By October 2010 Ebanks finished seventh at the British Masters Nationals in the 50m breaststroke in 31.23 a time which qualified him for the Island Games July 2011 – Isle of Wight.

Swimming for the Cayman Islands – his Caymanian status was confirmed in 2000 – Ebanks qualified for the 50m final where he swam a personal best of 31.09 and finished fifth.

Continued training saw a new personal best in his 50m breaststroke and a second place finish in the British Masters Nationals in 2011 and a fourth place finish in the 100m breaststroke.

In May 2012 Ebanks competed in the long course British Masters Nationals and finished second in three events – the 50m breaststroke, 30.90; 100m breaststroke in 1:10.97 and the 200m breaststroke in 2:37 in the 200m.

The British Masters Nationals gold medals in the 50m and 200m breaststroke were marred only by a too fast start in the 100m which saw him struggling home in third place in 1:06.90. A bonus swim in the 100 individual medley gave him a third place finish.

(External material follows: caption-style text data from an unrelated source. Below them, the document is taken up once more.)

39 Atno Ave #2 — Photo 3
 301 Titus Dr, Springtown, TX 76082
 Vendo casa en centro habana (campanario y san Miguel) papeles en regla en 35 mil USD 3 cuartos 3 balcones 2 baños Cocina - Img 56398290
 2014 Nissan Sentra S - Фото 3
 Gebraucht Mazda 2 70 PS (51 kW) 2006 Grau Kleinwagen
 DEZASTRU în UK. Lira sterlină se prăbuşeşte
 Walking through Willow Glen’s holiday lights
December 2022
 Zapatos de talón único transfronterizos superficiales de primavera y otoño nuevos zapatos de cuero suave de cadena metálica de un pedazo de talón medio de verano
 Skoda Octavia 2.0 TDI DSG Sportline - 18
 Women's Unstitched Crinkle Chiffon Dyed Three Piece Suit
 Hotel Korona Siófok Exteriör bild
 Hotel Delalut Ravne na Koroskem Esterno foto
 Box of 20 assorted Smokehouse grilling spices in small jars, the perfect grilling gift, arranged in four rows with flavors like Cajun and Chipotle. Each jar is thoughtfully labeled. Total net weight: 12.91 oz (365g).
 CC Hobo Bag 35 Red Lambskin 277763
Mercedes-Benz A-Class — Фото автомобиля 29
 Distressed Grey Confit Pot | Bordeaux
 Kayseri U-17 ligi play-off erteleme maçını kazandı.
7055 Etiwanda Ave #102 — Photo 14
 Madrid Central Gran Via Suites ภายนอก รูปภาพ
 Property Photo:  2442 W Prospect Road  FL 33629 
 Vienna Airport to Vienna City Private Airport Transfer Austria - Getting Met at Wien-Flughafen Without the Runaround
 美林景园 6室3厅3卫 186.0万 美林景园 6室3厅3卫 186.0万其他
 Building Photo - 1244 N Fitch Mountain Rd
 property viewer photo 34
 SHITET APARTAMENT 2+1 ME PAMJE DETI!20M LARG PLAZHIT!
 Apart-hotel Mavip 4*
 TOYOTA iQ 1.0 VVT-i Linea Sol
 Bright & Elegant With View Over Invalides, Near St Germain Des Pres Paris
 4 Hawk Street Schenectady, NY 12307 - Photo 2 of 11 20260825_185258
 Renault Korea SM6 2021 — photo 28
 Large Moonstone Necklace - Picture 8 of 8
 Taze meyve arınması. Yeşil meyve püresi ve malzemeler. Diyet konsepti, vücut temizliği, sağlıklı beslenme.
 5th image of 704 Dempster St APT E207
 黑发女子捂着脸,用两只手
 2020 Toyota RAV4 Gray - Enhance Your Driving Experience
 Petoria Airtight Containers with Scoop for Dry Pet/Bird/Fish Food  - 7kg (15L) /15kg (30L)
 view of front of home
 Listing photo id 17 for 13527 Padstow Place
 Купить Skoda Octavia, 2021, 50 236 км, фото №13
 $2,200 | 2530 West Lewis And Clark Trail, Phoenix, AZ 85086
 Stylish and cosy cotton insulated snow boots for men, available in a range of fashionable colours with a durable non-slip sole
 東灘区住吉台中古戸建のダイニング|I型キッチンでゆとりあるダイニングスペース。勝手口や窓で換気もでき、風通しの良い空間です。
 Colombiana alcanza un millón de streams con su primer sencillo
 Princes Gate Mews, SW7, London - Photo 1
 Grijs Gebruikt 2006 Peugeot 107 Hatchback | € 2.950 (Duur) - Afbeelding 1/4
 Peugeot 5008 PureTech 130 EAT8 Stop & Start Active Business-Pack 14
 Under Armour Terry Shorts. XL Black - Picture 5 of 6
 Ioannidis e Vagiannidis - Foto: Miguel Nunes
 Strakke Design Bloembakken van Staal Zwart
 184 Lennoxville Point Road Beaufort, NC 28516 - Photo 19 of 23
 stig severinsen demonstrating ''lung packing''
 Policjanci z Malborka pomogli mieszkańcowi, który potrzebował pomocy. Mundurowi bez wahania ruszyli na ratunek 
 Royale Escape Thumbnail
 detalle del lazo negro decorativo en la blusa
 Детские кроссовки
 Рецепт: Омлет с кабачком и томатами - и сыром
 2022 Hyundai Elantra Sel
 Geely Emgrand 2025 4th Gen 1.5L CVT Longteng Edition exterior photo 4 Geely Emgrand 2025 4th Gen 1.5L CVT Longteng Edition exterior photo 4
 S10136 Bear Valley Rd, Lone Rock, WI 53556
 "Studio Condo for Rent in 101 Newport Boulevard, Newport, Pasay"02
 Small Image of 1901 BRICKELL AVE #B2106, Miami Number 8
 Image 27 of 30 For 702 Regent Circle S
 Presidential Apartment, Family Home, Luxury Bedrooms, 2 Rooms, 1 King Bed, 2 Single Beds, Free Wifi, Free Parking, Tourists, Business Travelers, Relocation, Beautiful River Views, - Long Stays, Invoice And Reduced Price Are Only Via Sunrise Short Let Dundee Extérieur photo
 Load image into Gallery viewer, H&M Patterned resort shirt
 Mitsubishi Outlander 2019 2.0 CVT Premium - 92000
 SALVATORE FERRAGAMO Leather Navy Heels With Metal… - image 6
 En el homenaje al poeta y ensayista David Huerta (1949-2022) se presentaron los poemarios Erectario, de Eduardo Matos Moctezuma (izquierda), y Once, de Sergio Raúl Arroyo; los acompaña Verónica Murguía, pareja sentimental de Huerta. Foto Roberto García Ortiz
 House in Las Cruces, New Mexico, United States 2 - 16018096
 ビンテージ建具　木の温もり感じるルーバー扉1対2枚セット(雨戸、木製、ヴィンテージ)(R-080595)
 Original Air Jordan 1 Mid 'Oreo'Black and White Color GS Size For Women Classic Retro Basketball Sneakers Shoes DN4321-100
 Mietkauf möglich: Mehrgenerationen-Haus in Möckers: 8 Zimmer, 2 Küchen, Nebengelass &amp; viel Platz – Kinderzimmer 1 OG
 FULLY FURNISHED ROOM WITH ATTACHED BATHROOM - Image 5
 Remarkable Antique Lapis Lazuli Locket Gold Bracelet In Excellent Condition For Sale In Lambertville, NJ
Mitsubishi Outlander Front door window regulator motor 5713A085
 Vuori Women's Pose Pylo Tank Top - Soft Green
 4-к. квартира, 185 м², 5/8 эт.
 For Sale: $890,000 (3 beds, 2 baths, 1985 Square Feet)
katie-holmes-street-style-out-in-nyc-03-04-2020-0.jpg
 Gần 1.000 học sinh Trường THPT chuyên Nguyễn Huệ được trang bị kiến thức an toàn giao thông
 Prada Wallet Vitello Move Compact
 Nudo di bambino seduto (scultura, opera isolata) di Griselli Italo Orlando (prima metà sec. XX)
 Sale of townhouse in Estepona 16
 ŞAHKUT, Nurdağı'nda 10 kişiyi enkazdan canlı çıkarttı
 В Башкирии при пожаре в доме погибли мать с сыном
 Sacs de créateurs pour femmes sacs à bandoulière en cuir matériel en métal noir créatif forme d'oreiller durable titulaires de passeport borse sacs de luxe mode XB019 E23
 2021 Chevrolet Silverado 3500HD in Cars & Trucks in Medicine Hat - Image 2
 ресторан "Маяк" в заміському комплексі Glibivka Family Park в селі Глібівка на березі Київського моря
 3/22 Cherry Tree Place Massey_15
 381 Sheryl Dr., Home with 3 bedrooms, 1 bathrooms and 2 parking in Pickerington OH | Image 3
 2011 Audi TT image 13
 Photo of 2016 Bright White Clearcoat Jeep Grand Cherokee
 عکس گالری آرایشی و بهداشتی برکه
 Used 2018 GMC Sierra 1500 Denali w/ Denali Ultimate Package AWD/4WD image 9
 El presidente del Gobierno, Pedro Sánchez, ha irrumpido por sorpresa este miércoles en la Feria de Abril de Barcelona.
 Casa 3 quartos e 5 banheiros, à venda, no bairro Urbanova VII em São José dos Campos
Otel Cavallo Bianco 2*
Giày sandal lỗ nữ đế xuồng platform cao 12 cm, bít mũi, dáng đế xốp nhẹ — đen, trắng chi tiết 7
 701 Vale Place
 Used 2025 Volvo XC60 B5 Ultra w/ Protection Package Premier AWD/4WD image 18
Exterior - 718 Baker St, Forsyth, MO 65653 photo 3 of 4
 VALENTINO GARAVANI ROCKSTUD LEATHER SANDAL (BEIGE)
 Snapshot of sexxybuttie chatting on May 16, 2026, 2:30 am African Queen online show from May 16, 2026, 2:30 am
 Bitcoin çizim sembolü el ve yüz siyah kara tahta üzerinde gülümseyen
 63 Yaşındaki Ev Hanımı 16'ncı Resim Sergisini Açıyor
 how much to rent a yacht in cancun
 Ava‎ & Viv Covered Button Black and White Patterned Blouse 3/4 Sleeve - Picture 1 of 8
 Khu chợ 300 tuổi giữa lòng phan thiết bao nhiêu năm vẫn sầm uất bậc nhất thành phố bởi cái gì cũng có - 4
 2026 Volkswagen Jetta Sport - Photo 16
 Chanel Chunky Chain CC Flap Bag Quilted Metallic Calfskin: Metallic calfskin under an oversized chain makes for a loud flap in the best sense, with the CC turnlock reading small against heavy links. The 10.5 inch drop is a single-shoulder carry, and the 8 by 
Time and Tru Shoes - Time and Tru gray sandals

Ian Armiger, the Cayman Islands technical director for swimming was delighted with the Ebanks’ swims. “He is dropping time each time he swims and is well on his way,” Armiger said. “If he keeps up this level of training, to qualifying for the Island and Commonwealth Games where he would represent the Cayman Islands.

“This is great news for David and great news for Cayman swimming.”

Ebanks visited Grand Cayman in April where he spent time with his uncle Des, who was born and raised in Essex, England with David’s father Michael but now lives in South Sound with his wife and two children. David also met some of his more distant relatives who still live in West Bay, many of whom knew his grandfather Levy (known locally as BB) very well.